かつて

 小選挙区制、が導入されようという頃、反対するために国会に連日通ったことがあります。多くの国民が国会周辺に参集していました。当時社会党、が導入の是非をめぐって賛否が割れて、分裂の下地となったことを記憶しています。小選挙区制は政権交代が可能になる、というのが最大の導入に向けた誘い文句となっていて、見事に世論を形成したものでした。

 今日は厚木市議会では、環境教育常任委員会、議案はなく陳情審査、控室にて傍聴しました。金田におけるごみの中間処理施設建設問題をめぐっての陳情、2月議会に白紙撤回を求める陳情が不採択となったことを受けて再度、地元から計画に反対する陳情が出されたのです。

 結果は今回も不採択となりましたが、陳情項目2、にある
2 厚木市の、住民意見を無視した強引な「新ごみ中間処理施設建設」の候補地選定、計画の進め方を改めるよう、議会から厚木市へ要求してください。
 には理解すべきとの主張も聞かれました。
 
 行政が動いている段階での議会の関与の仕方というものは、どうしても一定の拘束を受けます。とくにこうした地元を二分するような懸案についてはなおさらです。慎重になるがゆえに身動きできなくなるということがあります。

 突き詰めて言えば、個々人で意見は必ず対立します。時間をかけて対立を和解させるか、対立を表面化させて和解を目指すことを放棄するか。

 皆、悩むところです。

 ただ、いままで私が経験した中では、継続審査、がもっとも玉虫色で、議会的にはいいかげんにみえるかもしれませんが人類の知恵、のようなもののように思えます。私は、賛成、反対がはっきりしているのですが、強引に決められるものではないし、議会の関与の仕方としてもそこまでは権限がないでしょうから、いたずらに世論を動かせません。

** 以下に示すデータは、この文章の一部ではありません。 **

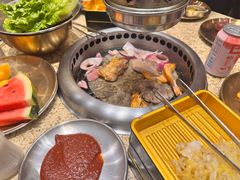 -姜胖胖首尔自助烤肉·蒸汽海鲜大排档(国瑞中心店)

ただ、どう考えるべきなのかを、あるいは行政がとるべき手順はどうかを、提案することくらいまでは許容されるでしょう。


 小選挙区制導入時、あの強引な白黒のつけ方をみたことを思い出すにつけ、また昨今小選挙区制への不満を、当時賛成した議員などからも聞かれることを知るにつけ、議決、決定の段階の難しさを思うのです。